Unmarshal text with Go reflection

As much as I like Go, I sometimes really miss dynamically-typed languages. I find Go tedious when I have to parse some arbitrary text format or lines from stdin, which would be trivial with Python, Ruby or Perl.

Parsing JSON with Go is easy – just unmarshal it right into a struct. I wanted to unmarshal a line of text the same way, so I wrote a library, strum, to do exactly that.

The first part of this article demonstrates strum. It’s short! If you’re not interested in learning Go reflection, you can stop there.

The second part explores strum internals. I explain how it uses Go’s reflect library, covering input validation, type-based dispatch, interface satisfaction, pointer following, and more.

N.B. This was written before Go 1.18, generics, and the any alias.

Using strum to unmarshal text 🔗︎

Advent of Code gives amazing coding puzzles every December. Each puzzle has input in the form of text files. Here’s an example from Day 2 of the 2021 AoC, involving a navigation DSL:

forward 5
down 5
forward 8
up 3
down 8
forward 2

That’s a string and an int. Let’s model each line like this:

type Move struct {
    Direction string
    Distance  int
}

The text file has one move per line. We want to read the whole file and produce a slice containing all the moves. Here’s how to do that in 3 lines with strum, assuming that the input is piped via stdin.

d := strum.NewDecoder(os.Stdin)

var moves []Move
err := d.DecodeAll(&moves)

By default, strum splits on white space. But strum can do more advanced tokenization. Consider the input from Day 5, where each line of text represents the start and end points of a line in the Cartesian plane:

105,697 -> 287,697
705,62 -> 517,250
531,627 -> 531,730
21,268 -> 417,268
913,731 -> 271,89

With strum and a regular expression, it’s easy to turn each line into a slice of ints of the form [x1,y1,x2,y2]. The WithTokenRegexp method changes a decoder from white space tokenization to getting tokens from submatches:

re := regexp.MustCompile(`(\d+),(\d+) -> (\d+),(\d+)`)
d := strum.NewDecoder(os.Stdin).WithTokenRegexp(re)

var lines [][]int
err := d.DecodeAll(&lines)

For AoC, that’s probably enough. But what if we wanted to get fancy and model each line as a struct of two points? strum can do that, too, though it takes some extra indirection.

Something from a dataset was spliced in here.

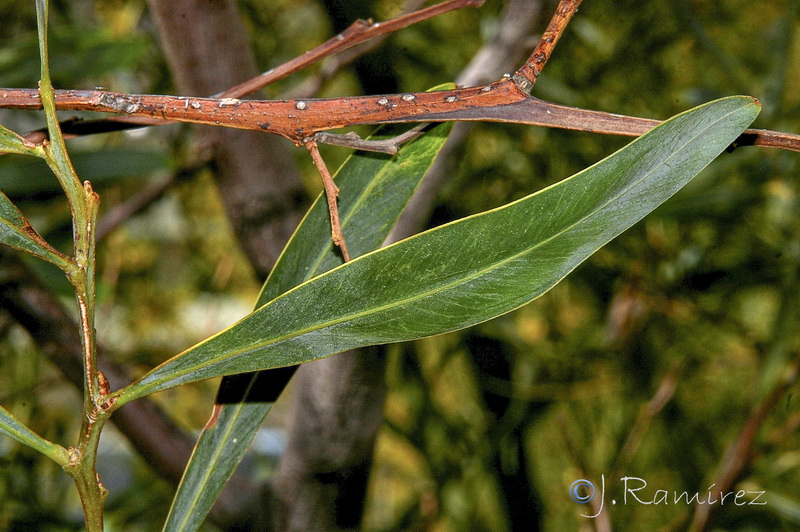 Acacia saligna26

strum converts a string into tokens, then decodes each token into a Go variable based on the variable’s type. If a variable implements the encoding.TextUnmarshaler interface, strum uses that to convert the token. Let’s model a Line as follows:

type Line struct {
    Start *Point
    End   *Point
}

The fields are *Point, not Point so that we can implement TextUnmarshaler on *Point. The WithSplitOn method tokenizes on something other than whitespace, so we can split on " -> " to get tokens for each point, and then rely on on the TextUnmarshaler to turn tokens like "105,697" into a *Point struct.

d := strum.NewDecoder(os.Stdin).WithSplitOn(" -> ")

var lines []Line
err := d.DecodeAll(&lines)

All that remains is defining Point and implementing its TextUnmarshaler. We can use strum again, splitting on the comma to get the int fields:

type Point struct {
    X int
    Y int
}

func (p *Point) UnmarshalText(text []byte) error {
    d := strum.NewDecoder(bytes.NewBuffer(text)).WithSplitOn(",")
    var q Point
    err := d.Decode(&q)
    if err != nil {
        return err
    }
    *p = q
    return nil
}

This is a bit contrived, but it works! With strum, we can ignore text conversion details and just focus on the structure of the data we want from our input. Perfect!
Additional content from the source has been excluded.